Pour finir cette description, on peut dire que le ton du jeu est résolument adulte. Des mails “Enlarge your Penis” aux dialogues politiquement incorrects en passant par certaines missions glauquissimes et bien évidemment une composante sexuelle omniprésente, on comprend facilement pourquoi le jeu est déconseillé aux mineurs. Ca faisait bien longtemps qu’on avait pas eu un FPS aussi mature sur PC.

Côtés sombres
Vous l’avez compris, Vampire est un jeu exceptionnel, très riche et très adulte. Hélas, il a d’énormes défauts qui assombrissent le tableau, à commencer par les bugs. Du simple bug de script qui nécessite un reload pour être corrigé au retour Windows lors du chargement d’une map qu’on doit effectuer en passant par la console, le jeu est pourri par les bugs. C’est tout simplement honteux de sortir un jeu aussi mal fini que ça. On ne peut pas jeter toutes les pierres sur Troika, car on retrouve aussi des bugs hérités du Source Engine, comme le bégaiement ou les baisses soudaines de performance.
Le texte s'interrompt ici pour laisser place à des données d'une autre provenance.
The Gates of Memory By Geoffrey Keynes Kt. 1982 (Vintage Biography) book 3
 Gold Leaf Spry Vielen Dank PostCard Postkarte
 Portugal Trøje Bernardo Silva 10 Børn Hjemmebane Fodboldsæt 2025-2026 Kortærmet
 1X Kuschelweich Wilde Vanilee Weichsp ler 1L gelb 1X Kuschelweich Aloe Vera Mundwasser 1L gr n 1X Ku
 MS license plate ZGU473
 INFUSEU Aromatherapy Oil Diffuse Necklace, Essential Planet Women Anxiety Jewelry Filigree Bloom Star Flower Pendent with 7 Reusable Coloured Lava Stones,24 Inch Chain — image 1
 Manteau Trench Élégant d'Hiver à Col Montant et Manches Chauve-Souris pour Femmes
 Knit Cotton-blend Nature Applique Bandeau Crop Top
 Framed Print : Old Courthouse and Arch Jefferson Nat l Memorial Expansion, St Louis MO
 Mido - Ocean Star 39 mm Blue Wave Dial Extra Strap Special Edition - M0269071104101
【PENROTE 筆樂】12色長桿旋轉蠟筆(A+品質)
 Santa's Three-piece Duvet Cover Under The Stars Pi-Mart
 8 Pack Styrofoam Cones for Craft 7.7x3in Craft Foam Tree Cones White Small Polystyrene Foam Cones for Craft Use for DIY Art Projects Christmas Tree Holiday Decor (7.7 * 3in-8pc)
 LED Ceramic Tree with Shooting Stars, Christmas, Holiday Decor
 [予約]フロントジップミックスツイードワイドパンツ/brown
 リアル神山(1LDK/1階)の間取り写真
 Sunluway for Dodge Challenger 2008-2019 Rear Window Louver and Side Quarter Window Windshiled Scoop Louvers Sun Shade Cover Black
Qu’est-ce que tu fous là, toi?

Dans le même trip, l’IA est une des plus connes que j’ai vues. Le pathfinding est lamentable, tout simplement. Il arrive que vous vous trouviez juste devant un ennemi et qu’il ne vous voit pas. C’est bien simple, les deux derniers niveaux, j’ai pu les torcher sans me faire voir, pourtant avec une aptitude de furtivité pas au top. Il m’arrivait régulièrement de tuer un gars qui ne m’avait pas vu juste sous le nez de son pote sans que celui-ci ne sourcille.

Malgré l’impression donnée au joueur de prendre les commandes du scénario, le jeu montre parfois un peu trop son dirigisme, par exemple dans une des dernières missions on doit se rendre à l’autre bout d’un quartier de la ville où soudainement toutes les bouches d’égout/portes auparavant accessibles se trouvent vérouillées.

Alors?
Alors, Vampire : Bloodlines est un jeu très original, prenant, adulte, long (j’ai au moins 35 heures de jeu à mon actif, et j’ai pas fait toutes les quêtes), qui fait beaucoup penser à Deus Ex 1. Un jeu aussi complet ne méritait sûrement pas de sortir avec autant de bugs et une IA aussi lamentable. Un petit conseil si vous hésitez à vous lancer : attendez le patch qui ne devrait plus tarder à se pointer.

L’avis de Ttask :


Heu… Vous prenez les vampires?

Vampire : Bloodlines m’a laissé une impression assez mitigée : d’un côté son ambiance extrêmement réussie et envoutante m’a scotché à l’écran mais du côté du gameplay le jeu ne va clairement pas assez loin. L’aspect RPG n’est pas assez développé pour qu’on puisse intégrer cette suite au genre, mais l’aspect FPS non plus. Les combats sont bien trop lents et imprécis pour rivaliser avec toutes les sorties de cette année. Par ailleurs, les armes sont dans l’ensemble inintéressantes et pendant toute la longue aventure je ne me suis servi que de quatre flingues.

On peut également regretter la trop grande linéarité du jeu au niveau scénaristique. Même avec la meilleure volonté du monde, vous ne pourrez vous détacher de la quête principale alors que les possibilités très variées offertes lors des dialogues laissent espérer le contraire. C’est extrêmement frustrant, bien que les nombreuses missions secondaires masquent un peu ce sentiment. Dans un FPS a proprement parler, ça n’aurait pas été dramatique, mais pour un jeu où le principal intérêt se trouve dans l’ambiance, c’est vraiment dommage.

Malgré tout, Vampire : Bloodlines reste un assez bon jeu dont le principal problème (avec l’incroyable nombre de bugs) est d’avoir le cul entre trois chaises : l’aventure, le RPG et le FPS sans jamais aller assez loin dans ces directions.

Notes : Ce test a été réalisé avec la version commerciale du jeu non patchée et est la suite directe de ce test. Un grand merci à flypoo pour sa super BD.